What is being asked.
Transcribe the records below exactly as written, from the opening line through the line that contains "Scarf Sleeveless Blouse - CREAM".

Entries supplied.

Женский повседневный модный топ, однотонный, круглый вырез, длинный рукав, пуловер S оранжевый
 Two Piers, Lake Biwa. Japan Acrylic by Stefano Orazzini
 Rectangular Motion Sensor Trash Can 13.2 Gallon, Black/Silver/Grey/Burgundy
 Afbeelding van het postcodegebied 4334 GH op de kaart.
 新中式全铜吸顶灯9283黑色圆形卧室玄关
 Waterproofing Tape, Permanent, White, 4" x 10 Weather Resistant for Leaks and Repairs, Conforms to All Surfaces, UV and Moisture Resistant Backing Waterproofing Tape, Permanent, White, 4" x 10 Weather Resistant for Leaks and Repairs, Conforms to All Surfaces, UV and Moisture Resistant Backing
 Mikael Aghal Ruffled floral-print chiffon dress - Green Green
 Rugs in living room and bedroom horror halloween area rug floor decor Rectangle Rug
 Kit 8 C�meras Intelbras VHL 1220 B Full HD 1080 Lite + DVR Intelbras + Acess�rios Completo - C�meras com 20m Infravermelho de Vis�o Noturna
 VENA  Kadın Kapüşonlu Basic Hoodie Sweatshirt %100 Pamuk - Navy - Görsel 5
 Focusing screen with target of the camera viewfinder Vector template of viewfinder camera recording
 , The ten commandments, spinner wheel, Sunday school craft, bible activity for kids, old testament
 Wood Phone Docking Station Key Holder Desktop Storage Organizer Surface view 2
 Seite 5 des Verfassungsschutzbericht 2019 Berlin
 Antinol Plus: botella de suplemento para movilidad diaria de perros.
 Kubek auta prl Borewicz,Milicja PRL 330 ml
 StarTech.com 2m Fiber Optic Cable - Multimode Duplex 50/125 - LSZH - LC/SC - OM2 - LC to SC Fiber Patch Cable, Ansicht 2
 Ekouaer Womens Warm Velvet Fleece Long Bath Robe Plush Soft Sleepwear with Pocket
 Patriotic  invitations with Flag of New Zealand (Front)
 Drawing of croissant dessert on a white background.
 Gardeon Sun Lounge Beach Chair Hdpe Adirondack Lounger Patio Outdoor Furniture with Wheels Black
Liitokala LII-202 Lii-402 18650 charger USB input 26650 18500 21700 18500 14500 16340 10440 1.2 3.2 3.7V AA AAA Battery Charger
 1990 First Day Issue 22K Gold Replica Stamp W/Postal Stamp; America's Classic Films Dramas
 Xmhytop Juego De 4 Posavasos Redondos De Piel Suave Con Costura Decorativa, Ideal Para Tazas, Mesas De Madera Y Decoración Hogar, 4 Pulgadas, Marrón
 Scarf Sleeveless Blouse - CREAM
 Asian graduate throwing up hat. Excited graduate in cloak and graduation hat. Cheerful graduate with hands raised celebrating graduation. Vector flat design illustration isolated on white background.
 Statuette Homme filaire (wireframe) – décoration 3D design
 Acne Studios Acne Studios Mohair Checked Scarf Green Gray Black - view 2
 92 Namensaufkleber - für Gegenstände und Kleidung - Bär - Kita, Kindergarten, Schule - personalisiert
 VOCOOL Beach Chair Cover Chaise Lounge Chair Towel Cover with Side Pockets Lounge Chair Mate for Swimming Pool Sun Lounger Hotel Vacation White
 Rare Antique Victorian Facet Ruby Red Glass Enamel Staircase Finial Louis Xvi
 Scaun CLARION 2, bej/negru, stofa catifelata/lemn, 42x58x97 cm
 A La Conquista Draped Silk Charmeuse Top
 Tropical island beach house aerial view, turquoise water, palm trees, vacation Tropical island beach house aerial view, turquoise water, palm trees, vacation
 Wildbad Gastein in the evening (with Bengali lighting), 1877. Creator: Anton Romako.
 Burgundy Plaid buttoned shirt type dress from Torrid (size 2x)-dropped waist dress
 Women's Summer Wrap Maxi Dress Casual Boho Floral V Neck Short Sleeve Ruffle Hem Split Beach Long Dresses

Task result.
Женский повседневный модный топ, однотонный, круглый вырез, длинный рукав, пуловер S оранжевый
 Two Piers, Lake Biwa. Japan Acrylic by Stefano Orazzini
 Rectangular Motion Sensor Trash Can 13.2 Gallon, Black/Silver/Grey/Burgundy
 Afbeelding van het postcodegebied 4334 GH op de kaart.
 新中式全铜吸顶灯9283黑色圆形卧室玄关
 Waterproofing Tape, Permanent, White, 4" x 10 Weather Resistant for Leaks and Repairs, Conforms to All Surfaces, UV and Moisture Resistant Backing Waterproofing Tape, Permanent, White, 4" x 10 Weather Resistant for Leaks and Repairs, Conforms to All Surfaces, UV and Moisture Resistant Backing
 Mikael Aghal Ruffled floral-print chiffon dress - Green Green
 Rugs in living room and bedroom horror halloween area rug floor decor Rectangle Rug
 Kit 8 C�meras Intelbras VHL 1220 B Full HD 1080 Lite + DVR Intelbras + Acess�rios Completo - C�meras com 20m Infravermelho de Vis�o Noturna
 VENA  Kadın Kapüşonlu Basic Hoodie Sweatshirt %100 Pamuk - Navy - Görsel 5
 Focusing screen with target of the camera viewfinder Vector template of viewfinder camera recording
 , The ten commandments, spinner wheel, Sunday school craft, bible activity for kids, old testament
 Wood Phone Docking Station Key Holder Desktop Storage Organizer Surface view 2
 Seite 5 des Verfassungsschutzbericht 2019 Berlin
 Antinol Plus: botella de suplemento para movilidad diaria de perros.
 Kubek auta prl Borewicz,Milicja PRL 330 ml
 StarTech.com 2m Fiber Optic Cable - Multimode Duplex 50/125 - LSZH - LC/SC - OM2 - LC to SC Fiber Patch Cable, Ansicht 2
 Ekouaer Womens Warm Velvet Fleece Long Bath Robe Plush Soft Sleepwear with Pocket
 Patriotic  invitations with Flag of New Zealand (Front)
 Drawing of croissant dessert on a white background.
 Gardeon Sun Lounge Beach Chair Hdpe Adirondack Lounger Patio Outdoor Furniture with Wheels Black
Liitokala LII-202 Lii-402 18650 charger USB input 26650 18500 21700 18500 14500 16340 10440 1.2 3.2 3.7V AA AAA Battery Charger
 1990 First Day Issue 22K Gold Replica Stamp W/Postal Stamp; America's Classic Films Dramas
 Xmhytop Juego De 4 Posavasos Redondos De Piel Suave Con Costura Decorativa, Ideal Para Tazas, Mesas De Madera Y Decoración Hogar, 4 Pulgadas, Marrón
 Scarf Sleeveless Blouse - CREAM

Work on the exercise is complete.